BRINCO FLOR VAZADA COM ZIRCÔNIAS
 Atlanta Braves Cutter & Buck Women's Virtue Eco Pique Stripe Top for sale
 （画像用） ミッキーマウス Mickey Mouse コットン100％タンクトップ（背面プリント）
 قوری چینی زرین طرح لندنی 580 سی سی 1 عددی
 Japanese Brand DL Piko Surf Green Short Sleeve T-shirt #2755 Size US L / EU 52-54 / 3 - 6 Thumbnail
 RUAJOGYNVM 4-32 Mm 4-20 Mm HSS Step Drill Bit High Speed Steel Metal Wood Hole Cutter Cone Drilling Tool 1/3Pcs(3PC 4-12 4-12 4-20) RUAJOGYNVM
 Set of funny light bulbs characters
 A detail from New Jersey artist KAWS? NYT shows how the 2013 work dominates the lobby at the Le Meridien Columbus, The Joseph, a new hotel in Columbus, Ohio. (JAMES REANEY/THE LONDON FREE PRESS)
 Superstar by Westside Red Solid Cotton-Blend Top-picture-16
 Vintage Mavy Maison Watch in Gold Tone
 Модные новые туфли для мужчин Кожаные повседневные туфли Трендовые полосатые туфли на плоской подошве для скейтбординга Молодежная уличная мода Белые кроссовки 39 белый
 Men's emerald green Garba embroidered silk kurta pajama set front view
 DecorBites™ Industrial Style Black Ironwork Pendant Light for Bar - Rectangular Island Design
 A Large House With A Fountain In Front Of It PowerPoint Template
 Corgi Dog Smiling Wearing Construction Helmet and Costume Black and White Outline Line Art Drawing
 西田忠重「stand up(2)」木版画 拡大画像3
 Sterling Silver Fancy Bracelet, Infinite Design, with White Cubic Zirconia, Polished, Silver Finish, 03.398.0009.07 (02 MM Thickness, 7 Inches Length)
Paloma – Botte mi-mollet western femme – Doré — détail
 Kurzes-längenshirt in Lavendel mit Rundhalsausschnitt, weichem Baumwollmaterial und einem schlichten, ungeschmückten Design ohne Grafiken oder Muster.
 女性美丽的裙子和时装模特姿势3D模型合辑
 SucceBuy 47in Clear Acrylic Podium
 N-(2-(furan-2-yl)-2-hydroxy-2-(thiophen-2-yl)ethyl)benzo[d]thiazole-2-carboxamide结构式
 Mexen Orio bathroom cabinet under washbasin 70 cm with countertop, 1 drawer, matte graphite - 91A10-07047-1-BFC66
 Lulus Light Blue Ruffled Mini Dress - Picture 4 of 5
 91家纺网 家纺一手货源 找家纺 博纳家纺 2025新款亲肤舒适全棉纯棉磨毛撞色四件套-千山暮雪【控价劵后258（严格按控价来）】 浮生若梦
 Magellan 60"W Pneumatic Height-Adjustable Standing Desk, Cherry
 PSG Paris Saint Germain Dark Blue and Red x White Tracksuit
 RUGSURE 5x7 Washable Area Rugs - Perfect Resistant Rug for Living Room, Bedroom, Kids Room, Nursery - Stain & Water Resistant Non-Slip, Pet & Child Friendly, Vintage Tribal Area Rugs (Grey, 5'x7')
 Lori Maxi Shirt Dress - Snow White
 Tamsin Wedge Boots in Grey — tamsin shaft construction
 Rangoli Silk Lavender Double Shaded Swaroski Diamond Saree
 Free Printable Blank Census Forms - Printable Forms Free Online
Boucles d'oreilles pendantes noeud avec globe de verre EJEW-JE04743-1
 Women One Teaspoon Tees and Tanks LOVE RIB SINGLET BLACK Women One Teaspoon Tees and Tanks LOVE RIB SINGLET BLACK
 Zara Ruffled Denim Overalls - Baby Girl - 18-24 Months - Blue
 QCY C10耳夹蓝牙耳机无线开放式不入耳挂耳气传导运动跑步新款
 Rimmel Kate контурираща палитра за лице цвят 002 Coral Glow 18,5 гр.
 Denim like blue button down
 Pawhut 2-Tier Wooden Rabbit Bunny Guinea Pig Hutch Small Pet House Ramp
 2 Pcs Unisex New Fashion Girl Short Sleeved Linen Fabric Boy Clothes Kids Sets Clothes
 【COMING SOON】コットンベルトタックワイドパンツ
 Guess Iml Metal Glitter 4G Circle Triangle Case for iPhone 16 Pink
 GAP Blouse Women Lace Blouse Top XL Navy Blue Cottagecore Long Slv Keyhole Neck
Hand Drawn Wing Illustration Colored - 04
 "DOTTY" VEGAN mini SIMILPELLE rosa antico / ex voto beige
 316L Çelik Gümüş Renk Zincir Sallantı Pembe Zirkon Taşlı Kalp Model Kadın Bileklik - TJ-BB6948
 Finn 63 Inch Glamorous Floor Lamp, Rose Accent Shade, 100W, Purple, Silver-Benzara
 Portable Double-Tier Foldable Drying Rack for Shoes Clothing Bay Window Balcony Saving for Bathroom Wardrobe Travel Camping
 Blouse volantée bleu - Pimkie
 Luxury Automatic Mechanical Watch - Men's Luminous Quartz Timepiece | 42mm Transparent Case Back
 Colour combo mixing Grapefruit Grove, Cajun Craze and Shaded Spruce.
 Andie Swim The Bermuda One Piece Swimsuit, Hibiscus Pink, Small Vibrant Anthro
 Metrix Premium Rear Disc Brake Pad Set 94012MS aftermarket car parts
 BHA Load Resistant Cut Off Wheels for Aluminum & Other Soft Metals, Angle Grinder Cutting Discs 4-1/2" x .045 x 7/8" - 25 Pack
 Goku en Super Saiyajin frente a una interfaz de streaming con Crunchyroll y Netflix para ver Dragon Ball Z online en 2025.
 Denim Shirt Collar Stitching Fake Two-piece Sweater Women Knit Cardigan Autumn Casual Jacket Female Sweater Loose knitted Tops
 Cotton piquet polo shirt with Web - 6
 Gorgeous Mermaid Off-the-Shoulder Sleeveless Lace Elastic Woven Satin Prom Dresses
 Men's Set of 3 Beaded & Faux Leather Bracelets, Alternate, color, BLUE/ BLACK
:::::
▶ Work task
Output consists of exactly the lines from the one containing "316L Çelik Gümüş" to the end of the records above, retyped without change and with nothing extra.

▶ Your response
 316L Çelik Gümüş Renk Zincir Sallantı Pembe Zirkon Taşlı Kalp Model Kadın Bileklik - TJ-BB6948
 Finn 63 Inch Glamorous Floor Lamp, Rose Accent Shade, 100W, Purple, Silver-Benzara
 Portable Double-Tier Foldable Drying Rack for Shoes Clothing Bay Window Balcony Saving for Bathroom Wardrobe Travel Camping
 Blouse volantée bleu - Pimkie
 Luxury Automatic Mechanical Watch - Men's Luminous Quartz Timepiece | 42mm Transparent Case Back
 Colour combo mixing Grapefruit Grove, Cajun Craze and Shaded Spruce.
 Andie Swim The Bermuda One Piece Swimsuit, Hibiscus Pink, Small Vibrant Anthro
 Metrix Premium Rear Disc Brake Pad Set 94012MS aftermarket car parts
 BHA Load Resistant Cut Off Wheels for Aluminum & Other Soft Metals, Angle Grinder Cutting Discs 4-1/2" x .045 x 7/8" - 25 Pack
 Goku en Super Saiyajin frente a una interfaz de streaming con Crunchyroll y Netflix para ver Dragon Ball Z online en 2025.
 Denim Shirt Collar Stitching Fake Two-piece Sweater Women Knit Cardigan Autumn Casual Jacket Female Sweater Loose knitted Tops
 Cotton piquet polo shirt with Web - 6
 Gorgeous Mermaid Off-the-Shoulder Sleeveless Lace Elastic Woven Satin Prom Dresses
 Men's Set of 3 Beaded & Faux Leather Bracelets, Alternate, color, BLUE/ BLACK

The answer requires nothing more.